▶ [AIM OF THE TASK]: From the line containing "Imagem: Imóvel para" down to the line containing "Foto van Toyota Corolla", copy out the entries below exactly, both lines included, and nothing else; pictures do not belong in the copy.

▶ [DATA LISTING]:
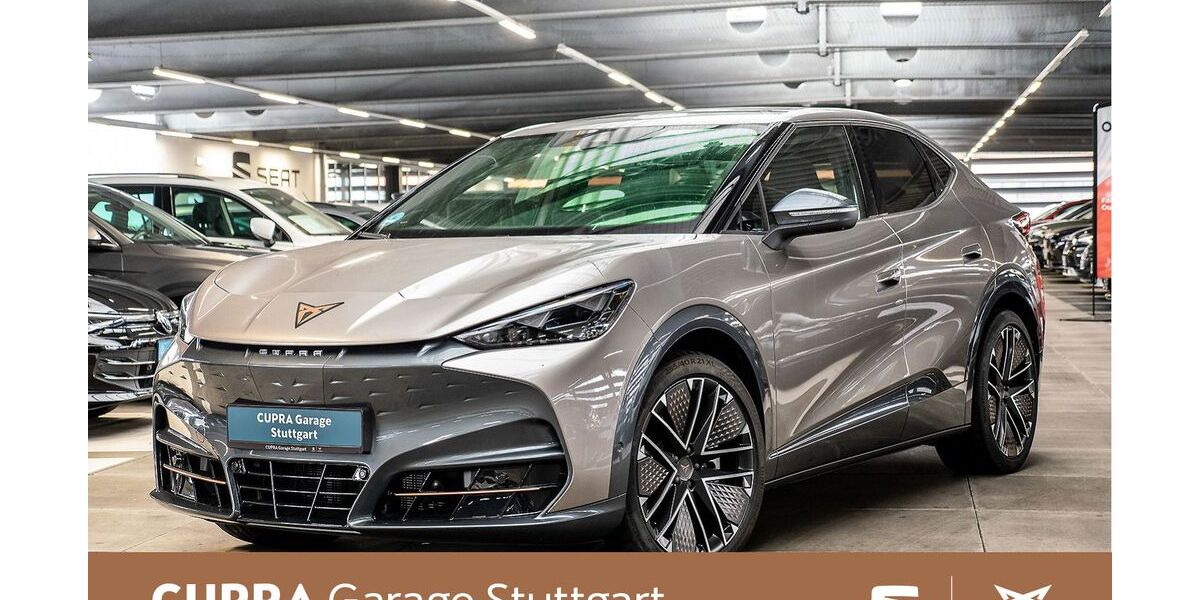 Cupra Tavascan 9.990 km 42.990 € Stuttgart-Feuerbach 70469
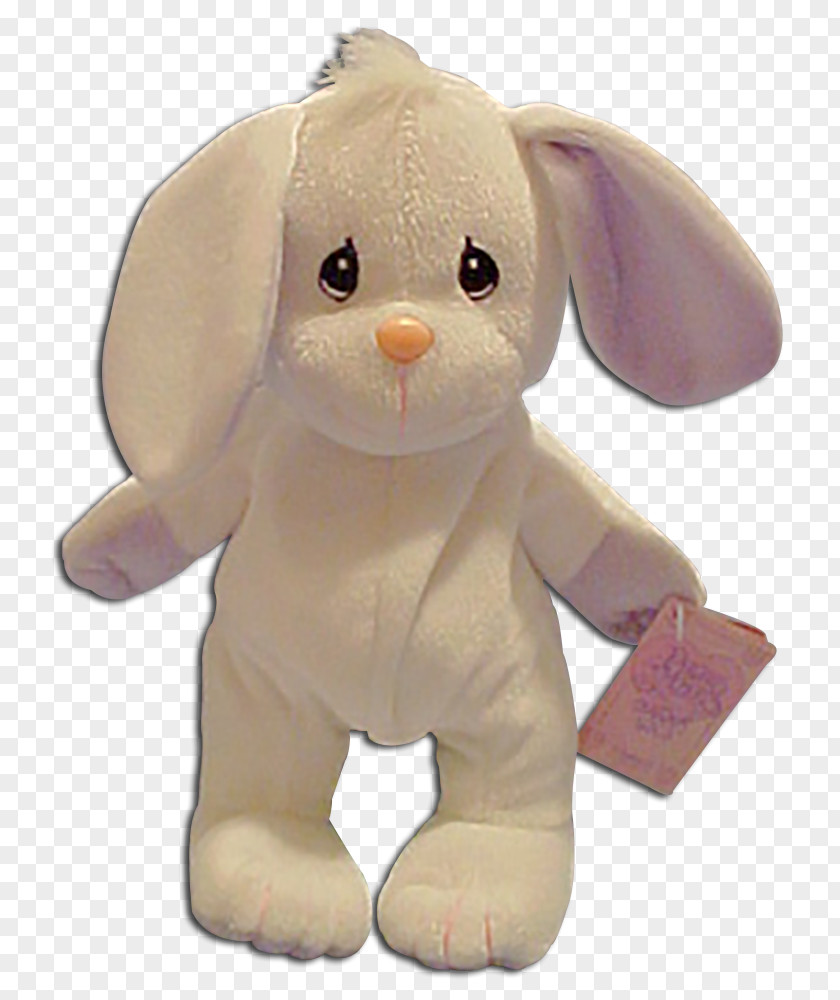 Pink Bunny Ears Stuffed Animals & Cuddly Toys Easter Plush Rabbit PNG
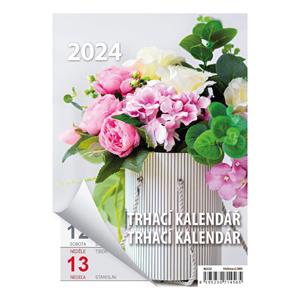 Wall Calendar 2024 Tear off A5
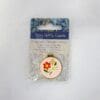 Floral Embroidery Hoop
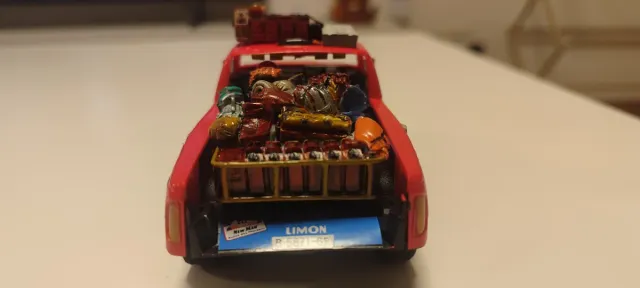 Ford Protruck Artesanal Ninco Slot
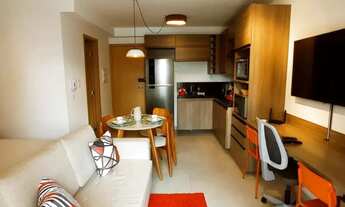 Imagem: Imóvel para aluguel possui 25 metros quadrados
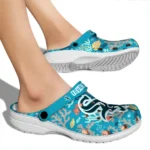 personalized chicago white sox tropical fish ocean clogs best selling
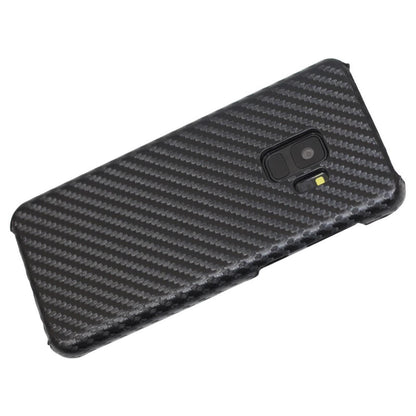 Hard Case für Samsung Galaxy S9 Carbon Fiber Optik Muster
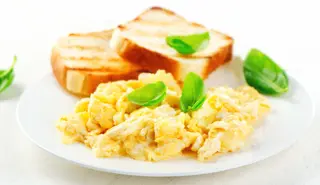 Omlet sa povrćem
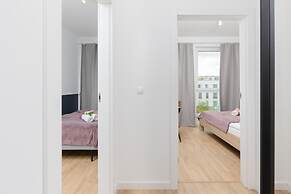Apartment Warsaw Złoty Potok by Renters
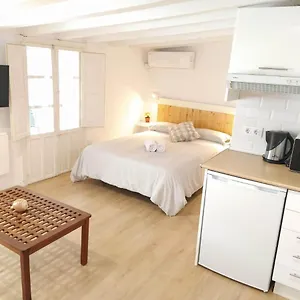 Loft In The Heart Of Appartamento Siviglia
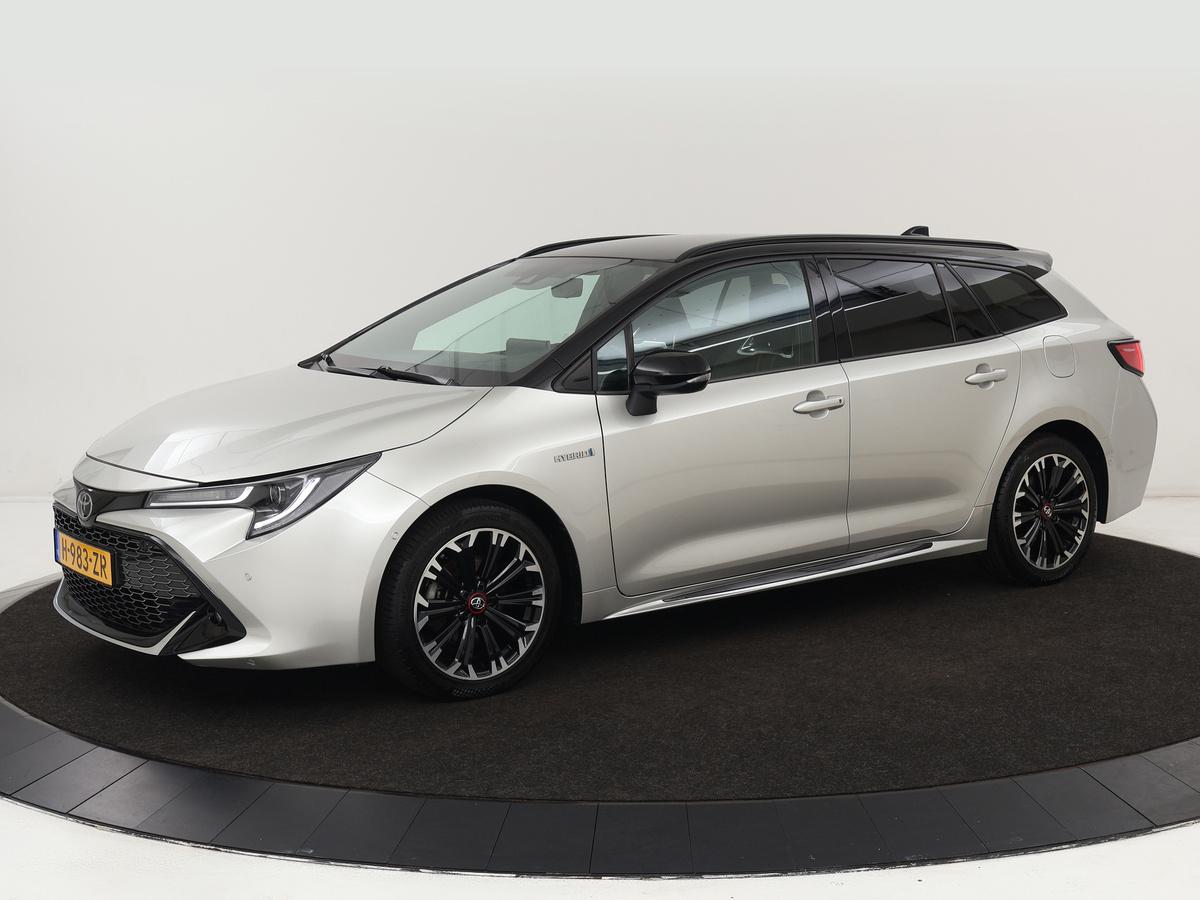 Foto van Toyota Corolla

--

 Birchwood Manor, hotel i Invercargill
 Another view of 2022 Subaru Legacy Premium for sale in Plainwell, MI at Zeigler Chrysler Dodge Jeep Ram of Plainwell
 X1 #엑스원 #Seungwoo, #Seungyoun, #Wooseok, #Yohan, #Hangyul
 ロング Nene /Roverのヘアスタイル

▶ [TASK OUTPUT]:
 Imagem: Imóvel para aluguel possui 25 metros quadrados
 personalized chicago white sox tropical fish ocean clogs best selling
 Hard Case für Samsung Galaxy S9 Carbon Fiber Optik Muster
 Omlet sa povrćem
Apartment Warsaw Złoty Potok by Renters
 Loft In The Heart Of Appartamento Siviglia
 Foto van Toyota Corolla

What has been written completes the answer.